According to the securities watchdog, the update was necessary as a consumer protection feature amid the blockchain sector’s fast-paced development. In an updated guidance note, the GFSC pointed out that it would ensure compliance with the FATF’s Travel Rule, which the agency published last year.
The Travel Rule currently imposes significant data collection requirements for virtual asset custodians. These requirements include collecting data on parties in a transaction, recording the details of transactions over certain financial benchmarks, and reporting any suspected money laundering and fraudulent transactions to countries’ financial regulators.
The GFSC pointed out that blockchain and crypto companies will now need to hold and maintain accurate transaction records across their platforms. These companies are also tasked with updating any potential investors and customers on the risks surrounding cryptocurrencies.
Albert Isola, Gibraltar’s Minister for Digital and Financial Services, said:
“The release of the updated Guidance Notes is another important step forward in the development of the DLT Providers Regulatory framework that has proved so successful to date.
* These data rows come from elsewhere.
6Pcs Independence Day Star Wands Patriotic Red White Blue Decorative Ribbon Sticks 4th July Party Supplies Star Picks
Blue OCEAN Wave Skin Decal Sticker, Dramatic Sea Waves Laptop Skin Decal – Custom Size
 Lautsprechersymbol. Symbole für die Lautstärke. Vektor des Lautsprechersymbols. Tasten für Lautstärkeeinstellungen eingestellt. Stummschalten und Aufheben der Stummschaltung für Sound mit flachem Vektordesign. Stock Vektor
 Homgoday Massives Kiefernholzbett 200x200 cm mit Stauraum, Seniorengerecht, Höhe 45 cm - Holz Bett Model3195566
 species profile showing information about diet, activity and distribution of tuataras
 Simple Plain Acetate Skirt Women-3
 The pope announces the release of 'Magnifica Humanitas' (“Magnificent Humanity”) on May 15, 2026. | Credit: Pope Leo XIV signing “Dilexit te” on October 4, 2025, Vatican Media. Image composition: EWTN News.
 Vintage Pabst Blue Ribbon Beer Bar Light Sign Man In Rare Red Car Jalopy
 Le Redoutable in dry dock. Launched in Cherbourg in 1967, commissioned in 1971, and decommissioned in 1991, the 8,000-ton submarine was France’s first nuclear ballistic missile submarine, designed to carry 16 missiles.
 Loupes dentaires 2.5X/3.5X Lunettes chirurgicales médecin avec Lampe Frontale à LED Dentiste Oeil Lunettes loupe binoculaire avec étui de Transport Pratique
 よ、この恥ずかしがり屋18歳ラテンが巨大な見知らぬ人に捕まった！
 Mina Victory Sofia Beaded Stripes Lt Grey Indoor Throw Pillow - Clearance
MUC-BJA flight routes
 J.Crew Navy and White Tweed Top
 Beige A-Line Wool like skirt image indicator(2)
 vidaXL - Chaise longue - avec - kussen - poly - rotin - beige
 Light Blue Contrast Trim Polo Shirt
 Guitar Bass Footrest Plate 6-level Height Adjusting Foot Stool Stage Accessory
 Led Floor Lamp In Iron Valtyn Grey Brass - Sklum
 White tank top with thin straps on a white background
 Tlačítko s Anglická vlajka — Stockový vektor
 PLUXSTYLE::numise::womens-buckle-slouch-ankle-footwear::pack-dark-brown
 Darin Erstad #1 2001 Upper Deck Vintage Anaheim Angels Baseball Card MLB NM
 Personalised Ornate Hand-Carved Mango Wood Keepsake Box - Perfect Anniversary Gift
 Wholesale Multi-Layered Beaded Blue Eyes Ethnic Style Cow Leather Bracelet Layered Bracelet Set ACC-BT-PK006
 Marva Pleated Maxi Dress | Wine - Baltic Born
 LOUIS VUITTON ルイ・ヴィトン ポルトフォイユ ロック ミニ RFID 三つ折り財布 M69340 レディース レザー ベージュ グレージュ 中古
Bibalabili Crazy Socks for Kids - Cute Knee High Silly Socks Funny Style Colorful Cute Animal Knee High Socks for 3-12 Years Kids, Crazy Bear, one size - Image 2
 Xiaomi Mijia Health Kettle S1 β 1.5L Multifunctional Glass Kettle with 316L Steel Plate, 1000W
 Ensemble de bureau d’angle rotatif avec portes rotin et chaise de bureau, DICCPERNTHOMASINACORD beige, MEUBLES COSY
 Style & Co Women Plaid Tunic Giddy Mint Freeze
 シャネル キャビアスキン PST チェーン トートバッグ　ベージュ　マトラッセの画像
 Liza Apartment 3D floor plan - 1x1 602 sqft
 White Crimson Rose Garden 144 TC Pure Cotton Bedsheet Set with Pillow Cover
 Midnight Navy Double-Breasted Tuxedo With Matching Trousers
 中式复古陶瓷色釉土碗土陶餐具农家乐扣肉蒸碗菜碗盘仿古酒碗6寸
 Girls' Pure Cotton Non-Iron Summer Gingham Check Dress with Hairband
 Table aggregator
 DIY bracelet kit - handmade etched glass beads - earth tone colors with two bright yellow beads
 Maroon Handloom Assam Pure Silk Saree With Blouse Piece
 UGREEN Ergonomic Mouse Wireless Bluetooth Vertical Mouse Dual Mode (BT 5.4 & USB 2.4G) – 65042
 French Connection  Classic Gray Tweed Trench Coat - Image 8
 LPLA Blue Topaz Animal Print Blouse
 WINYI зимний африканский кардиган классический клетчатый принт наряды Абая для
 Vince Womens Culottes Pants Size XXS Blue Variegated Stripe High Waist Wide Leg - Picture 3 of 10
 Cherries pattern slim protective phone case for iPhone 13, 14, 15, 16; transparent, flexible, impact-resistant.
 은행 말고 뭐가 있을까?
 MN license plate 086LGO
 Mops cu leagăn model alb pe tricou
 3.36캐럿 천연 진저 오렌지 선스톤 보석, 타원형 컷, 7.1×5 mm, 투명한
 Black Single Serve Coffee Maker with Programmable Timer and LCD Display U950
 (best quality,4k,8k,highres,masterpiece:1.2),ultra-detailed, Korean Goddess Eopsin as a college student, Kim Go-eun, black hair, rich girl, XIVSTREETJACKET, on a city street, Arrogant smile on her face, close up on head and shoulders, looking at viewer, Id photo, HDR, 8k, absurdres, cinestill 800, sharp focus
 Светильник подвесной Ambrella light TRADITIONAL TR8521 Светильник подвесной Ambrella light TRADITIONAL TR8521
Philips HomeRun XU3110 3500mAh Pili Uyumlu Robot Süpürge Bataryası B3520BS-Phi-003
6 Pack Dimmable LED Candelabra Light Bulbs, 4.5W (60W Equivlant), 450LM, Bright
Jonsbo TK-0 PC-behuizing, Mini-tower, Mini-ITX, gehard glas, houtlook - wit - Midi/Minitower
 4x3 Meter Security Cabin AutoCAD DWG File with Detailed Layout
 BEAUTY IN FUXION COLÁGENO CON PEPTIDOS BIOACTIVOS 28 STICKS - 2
It is also a significant milestone in the evolution of our regulations as we embark on the road to achieve ongoing FATF compliance.”
Travel Rule Adoption is Only Satisfactory
While Gibraltar has taken the initiative to step up and adopt the FATF’s Travel Rule more aggressively, the same can’t be said for many other countries.
The FATF initially set up the regulation last June, adding that countries would have 12 months to ensure compliance and bring their native blockchain and crypto industries up to speed. In June, however, it published a report based on a survey of counties to show how much adoption had improved since then.
Per the report, the FATF surveyed 54 nations and found that 35 had implemented the revised standards to a laudable degree. The remaining 19 had yet to do so. While the agency pointed out that implementation wouldn’t be smooth for public and private organizations, it also maintained that it hadn’t found any significant issues that would warrant changing the rule’s requirements.
In July, a webinar on the Dedicated Online Financial Integrity Network’s (DOLFIN) platform featured several former heads of the U.S. delegation to the FATF. Jennifer Fowler, the FATF’S Vice President between 2017 and 2018, explained that the agency had noticed a consistent uptick in the number of professional money launderers using cryptocurrencies as a conduit for their activities.
She added that this, as well as the increasing threat of peer-to-peer transactions, was part of what made the agency so worried. The FATF has given another 12 months for countries that are yet to comply with stepping up their enforcement.